In LearningToTalk/L2TDatabase: Helper Functions for the Learning-To-Talk 'MySQL' Database

library("knitr")
opts_chunk$set(
  collapse = TRUE, 
  comment = "#>", 
  message = FALSE,
  fig.width = 8,
  fig.height = 6,
  dpi = 300,
  out.width = "80%")

wd <- rprojroot::find_rstudio_root_file()
opts_knit$set(root.dir = wd)

Download the matches

Load in the list of participants. The table of matches is stored in a table called CIMatching in the database. We connect to the database, grab that table and the test scores for the children in that table.

library(dplyr)
library(L2TDatabase)

# We use the main RStudio project directory as the working folder 
# for this session.
wd <- rprojroot::find_rstudio_root_file()
dir_here <- file.path(wd, "inst", "analyses", "rwl_ci_nh_matches")
cnf_file <- file.path(wd, "inst", "l2t_db.cnf")

# Connect to database
l2t_main <- l2t_connect(cnf_file, "l2t")

# Download matches and scores from various tests
df_matches <- tbl(l2t_main, "CIMatching") %>% 
  left_join(tbl(l2t_main, "EVT")) %>% 
  left_join(tbl(l2t_main, "PPVT")) %>% 
  left_join(tbl(l2t_main, "GFTA")) %>% 
  select(Group = Matching_Group, Matching_PairNumber, ChildStudyID, 
         Study, ResearchID, ChildID,
         Female, AAE, LateTalker, CImplant, 
         Maternal_Education, Maternal_Education_Level, 
         EVT_Age, EVT_Raw, EVT_GSV, EVT_Standard,
         PPVT_Age, PPVT_Raw, PPVT_GSV, PPVT_Standard, 
         GFTA_Age:GFTA_Standard) %>% 
  collect()
df_matches

We can confirm adequate matching on (EVT) Age and sex.

df_matches %>% 
  group_by(Group) %>% 
  summarise(
    N = n(),
    CI = sum(CImplant),
    N_Female = sum(Female),
    N_Male = sum(Female == 0),
    N_EVT = sum(!is.na(EVT_Age)),
    EVT_Age = mean(EVT_Age, na.rm = TRUE),
    N_PPVT = sum(!is.na(PPVT_Age)),
    PPVT_Age = mean(PPVT_Age, na.rm = TRUE),
    N_GFTA = sum(!is.na(GFTA_Age)),
    GFTA_Age = mean(GFTA_Age, na.rm = TRUE)) %>% 
  knitr::kable()

We also matched by general maternal education.

df_matches %>% 
  count(Group, Maternal_Education) %>% 
  ungroup() %>%
  tidyr::spread(Group, n) %>% 
  knitr::kable()

We can also compute summary statistics.

df_matches %>% 
  select(Group, EVT_Age, EVT_Standard, PPVT_Standard, GFTA_Standard) %>% 
  # Convert to long format to compute summaries by group by score type
  tidyr::gather(Variable, Value, -Group) %>% 
  tidyr::drop_na(Value) %>% 
  group_by(Variable, Group) %>% 
  summarise(N_Values = n(), Mean = mean(Value), SD = sd(Value), 
            Min = min(Value), Max = max(Value)) %>% 
  # Round off decimals
  mutate_each_(funs(round), vars = vars(Mean, SD, Min, Max)) %>% 
  ungroup() %>% 
  knitr::kable()

Download the eyetracking data

This is a tedious step. We need to download the eyetracking data. First, let's connect to the database and prepare some queries.

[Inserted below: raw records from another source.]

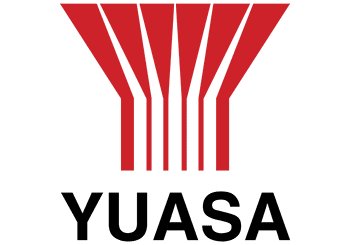 Yuasa vehicle battery bulk supply, UK supplier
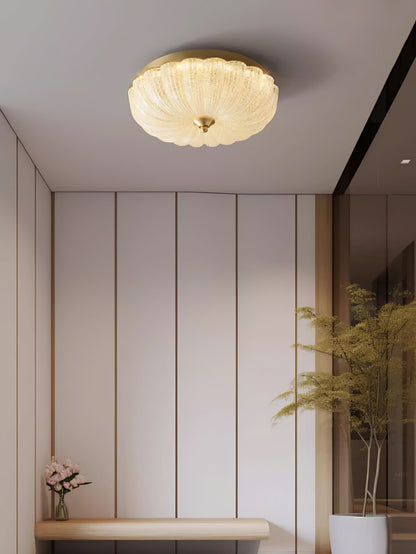 Enchanting Ceiling-mounted light Ceiling Light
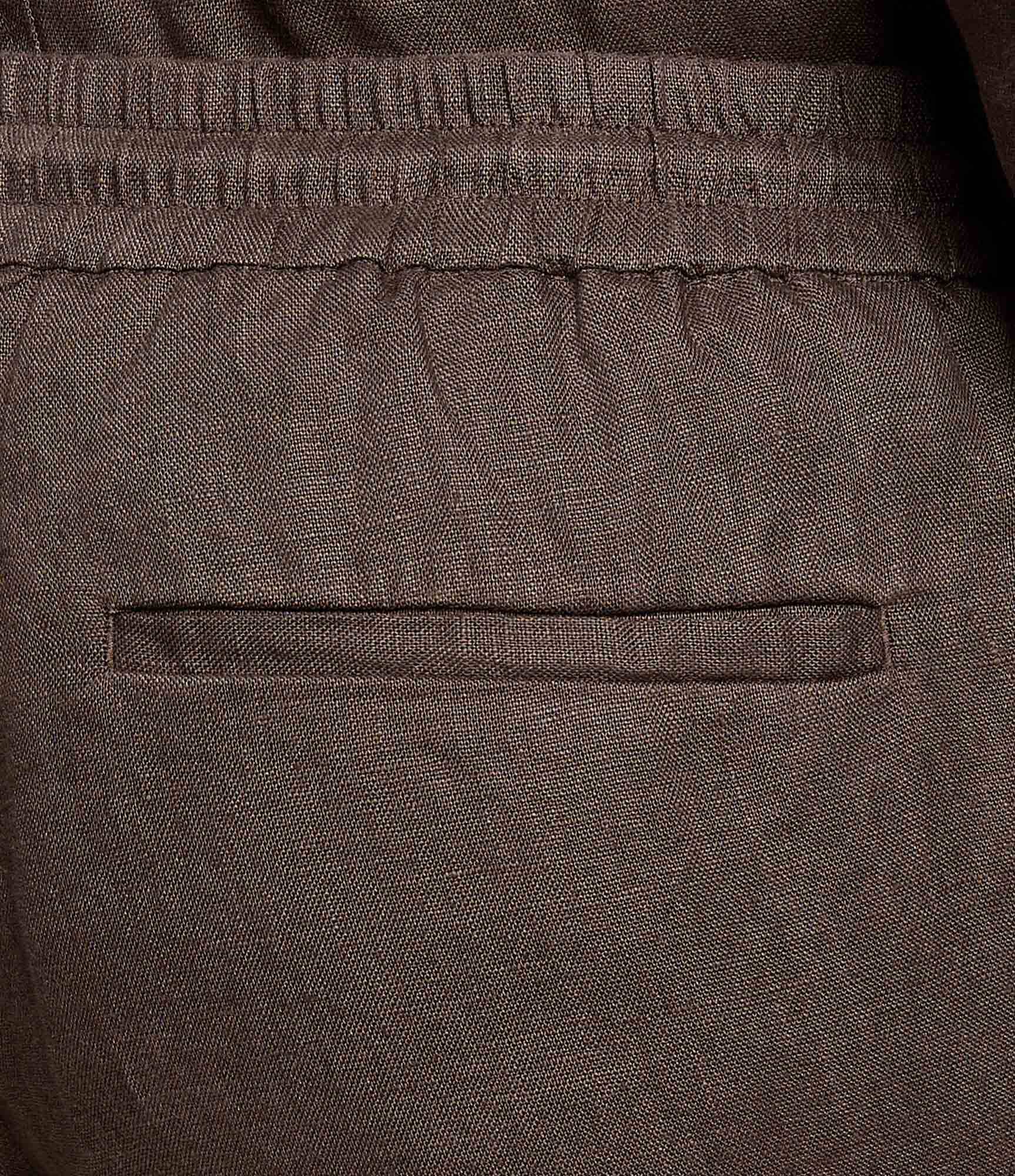 SAND COPENHAGEN De in pantaloni scurți chino 1680 T - Jason S | regular fit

l2t_eyetracking <- l2t_connect(cnf_file, "eyetracking")

# We could do this with the prepared queries (q_BlocksByStudy, etc.), but the 
# query q_LooksByStudy takes forever to run. So we will select identify the
# blocks we want and get the trials and looks for just those blocks. That should
# be faster than start with all the data and narrowing down to the subset we
# want.

# Find the numbers of the blocks 
tbl_blocks <- tbl(l2t_eyetracking, "Blocks") %>% 
  filter(ChildStudyID %in% df_matches$ChildStudyID) %>% 
  select(BlockID, ChildStudyID, Block_Basename, 
         Block_DateTime, Block_Task, Block_Version, Block_Age)

# Get the attributes for these blocks
tbl_blocks_attrs <- tbl(l2t_eyetracking, "BlockAttributes") %>% 
  inner_join(tbl_blocks) %>% 
  select(ChildStudyID, BlockID, BlockAttribute_Name, BlockAttribute_Value)

# Get trial id numbers for these blocks
tbl_trials <- tbl(l2t_eyetracking, "Trials") %>% 
  inner_join(tbl_blocks) %>% 
  select(ChildStudyID, BlockID, TrialID, Trial_TrialNo)

# Get attributes of the trials
tbl_trials_attrs <- tbl(l2t_eyetracking, "TrialAttributes") %>% 
  inner_join(tbl_trials) %>% 
  select(ChildStudyID, BlockID, TrialID, 
         TrialAttribute_Name, TrialAttribute_Value)

# The big one. Get the looking data for these trials.
tbl_looks <- tbl(l2t_eyetracking, "Looks") %>% 
  inner_join(tbl_trials) %>% 
  select(ChildStudyID, BlockID, TrialID, Time, GazeByImageAOI, GazeByAOI)

Downloading the data takes forever, so I'm going set a flag called refresh. When refresh is true, it will redownload the eyetracking data with those queries. Otherwise, it will load the last copy that I saved.

refresh <- TRUE

if (!refresh) {
  df_looks <- readr::read_csv(file.path(dir_here, "looks.csv"))
  df_blocks <- df_looks %>% 
    select(Study, ShortResearchID, Block_Age, 
           Block_Basename, Block_Dialect) %>% 
    distinct()
} else {

  df_blocks <- collect(tbl_blocks) %>% 
    left_join(df_matches) %>%
    group_by(Block_Task, ChildStudyID) %>%
    # We want one age per child, so use earliest. This might be dubious.
    mutate(Block_Age = min(Block_Age)) %>%
    ungroup()

  # Get the dialect and stimulus version
  df_blocks_attrs <- collect(tbl_blocks_attrs) %>% 
    # Pivot from long to wide so have the attributes we want
    tidyr::spread(BlockAttribute_Name, BlockAttribute_Value) %>% 
    select(ChildStudyID, BlockID, 
           Block_Dialect = Dialect, StimulusSet)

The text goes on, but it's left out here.